Second Screens for Successful Online Teaching

This summer, I’ve been teaching an intensive 7-week online course in Public Relations and Strategic Communication. The nature of our online class has meant that my students have been engaged in an extraordinary amount of PR writing for the web. Many have learned, through practice, the values of writing for the audience and the vehicle of delivery and are well-primed for high-level internships with companies and non-profits in their community relations and social-media management offices.

In traditional grading scenarios, I sit with student papers and my triad of pen, pencil, and highlighter, bringing out the occasional Sharpie if the situation warrants. But digital grading is different. I need to be able to follow links, watch videos, and consume hyperlinks. So, my challenge in handling all this writing on the web has been establishing a method of grading that allows me to both consume their work in a digital and hyperlinked format, and to comment substantively on this writing. So, I hacked a second-screen approach to commenting and grading:

outside-grading (956x1024)My third screen, the iPhone, is reserved for
emails, calls, and taking pictures of my other two screens.

This dual-device approach has worked so well for web content that I had to share it. Using the iPad allows me to peruse my students’ excellent web copy, clinking on links and investigating sources while living in the course’s learning management system (LMS) on my laptop. I comment in the LMS on the content and technical proficiency in their writing while watching their self-produced videos, listening to their audio recordings, and fully participating in their embedded media.
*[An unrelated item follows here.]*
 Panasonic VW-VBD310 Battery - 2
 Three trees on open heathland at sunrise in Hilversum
This strategy allows me to work outside (a must in the summer), to comment directly on student work as I consume it, and to be able to click through my student’s links without leaving my comments behind.

I’m interested to hear other techniques for assessing online student work. What’s your strategy?
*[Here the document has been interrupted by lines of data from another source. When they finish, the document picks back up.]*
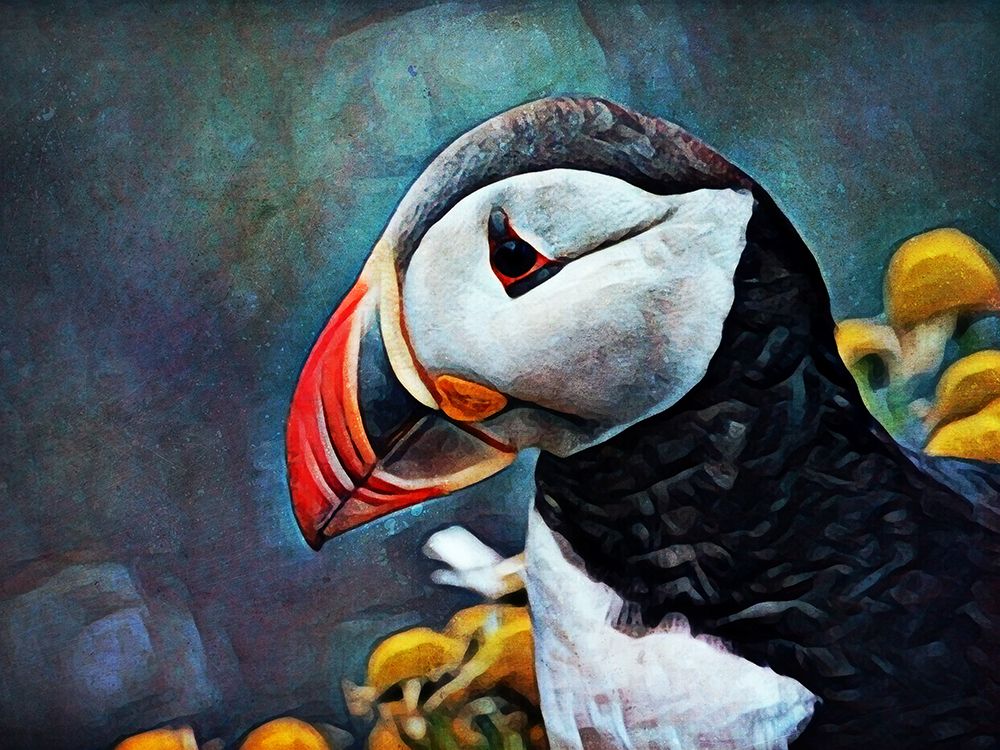 Atlantic Puffin Peculiar art print by Ashley Aldridge for $57.95 CAD
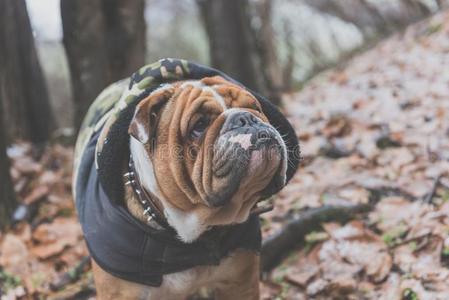 肖像关于漂亮的英语斗牛犬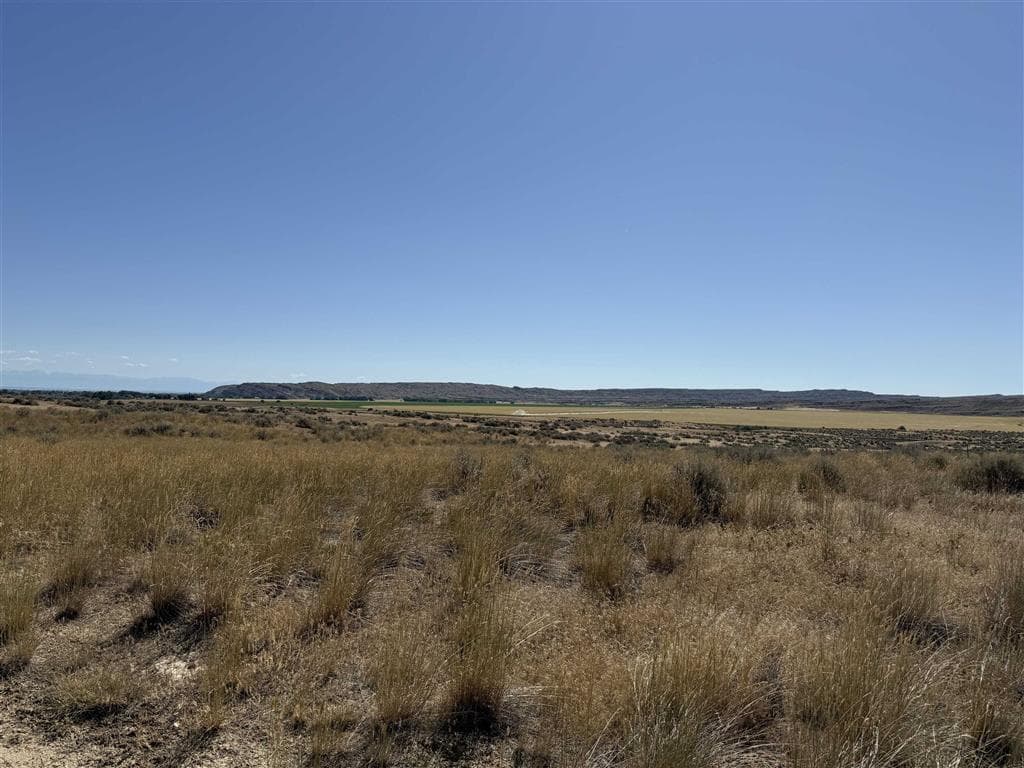 2396 Hwy 20 S — photo 3 of 3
  1. The first thing about this article that caught my eye, was the Starbucks cup. Of course that is the first thing I see since I’m a barista! But then I looked closer and saw the title and everything else in the picture. I have always wondered how you are able to grade all of our assignments without having to constantly click from one person’s blog to another. The technique you use to assess work is somewhat the same of when I am writing research papers for my classes. Instead of constantly clicking back and forth between Word and Chrome, I have my web browser on my Kindle Fire and only use Word on my computer. This allows me to keep my train of thought while writing, and to save time! If you’re inside due to inclement weather, try the multi-monitor approach. I love using it because it allows you to drag open windows from one screen to the other, without having to minimize everything!

  2. This photo grabbed my attention because my fiancé and I were just talking about how we never use our Ipad, except for “fun” things. It is cool to hear about how an IPad can be utilized for really productive purposes as well. It is always so nice to be able to work outside too! I have often wondered how in the world you would keep up with all student comments but this makes sense and if I ever get more into blogging, I can see how a dual-device system would be a smart choice. I too use my iphone as for just calling/emailing/photos. Do you have a system for shutting down your screens? As in, when do you say, all screens, off? I find it hard but necessary to due to keep my sanity!

  3. Excellent suggestion, Dr. McArthur. I will definitely try this out in my first online class.

  4. Great suggestions. My question is when you grade a student’s online work where do you post comments/feedback about the technical aspects of their work (comments that are grade related)? Is there a particular tool that you use in your LMS?